Records to use:
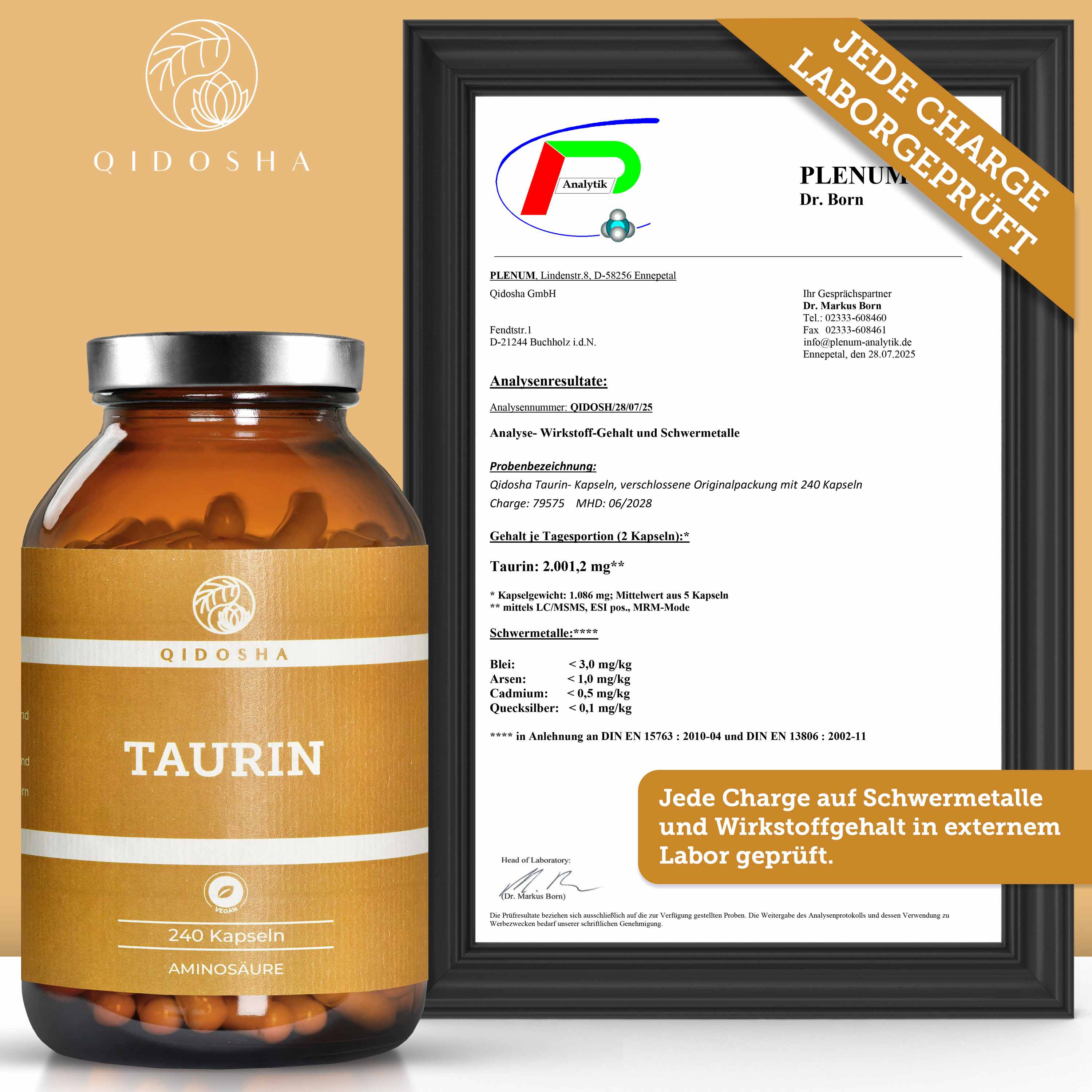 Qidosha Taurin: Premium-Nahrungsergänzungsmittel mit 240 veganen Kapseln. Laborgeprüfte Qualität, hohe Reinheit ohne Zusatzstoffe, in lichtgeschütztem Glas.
--
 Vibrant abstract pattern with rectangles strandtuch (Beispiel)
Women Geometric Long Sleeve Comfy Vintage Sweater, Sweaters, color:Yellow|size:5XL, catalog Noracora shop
==
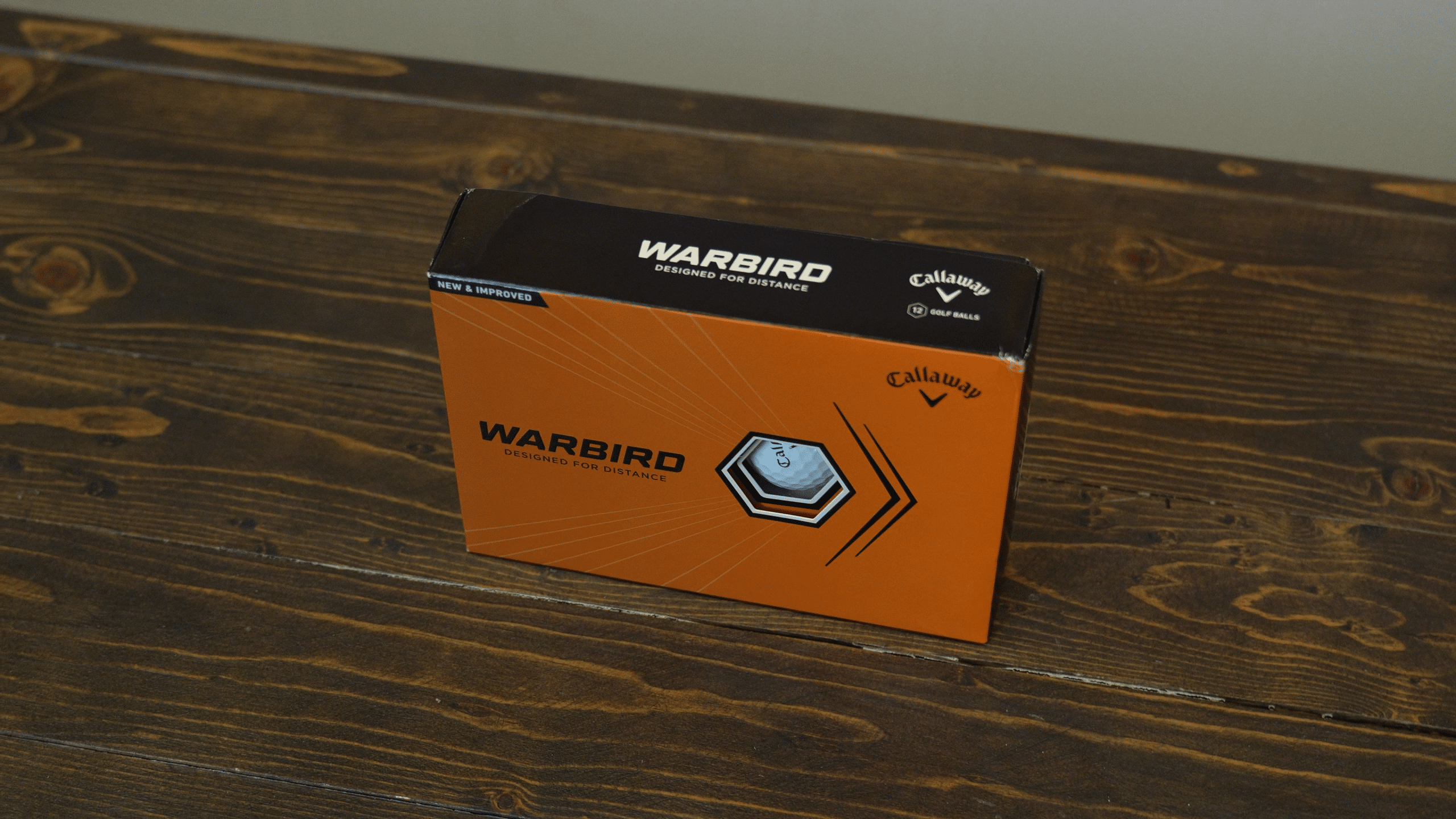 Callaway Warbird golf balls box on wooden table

Exercise aim:
Repeat, exactly as they stand above, the lines from the line with "Vibrant abstract pattern" to the line with "Women Geometric Long", both lines included.

Solution for this problem:
 Vibrant abstract pattern with rectangles strandtuch (Beispiel)
Women Geometric Long Sleeve Comfy Vintage Sweater, Sweaters, color:Yellow|size:5XL, catalog Noracora shop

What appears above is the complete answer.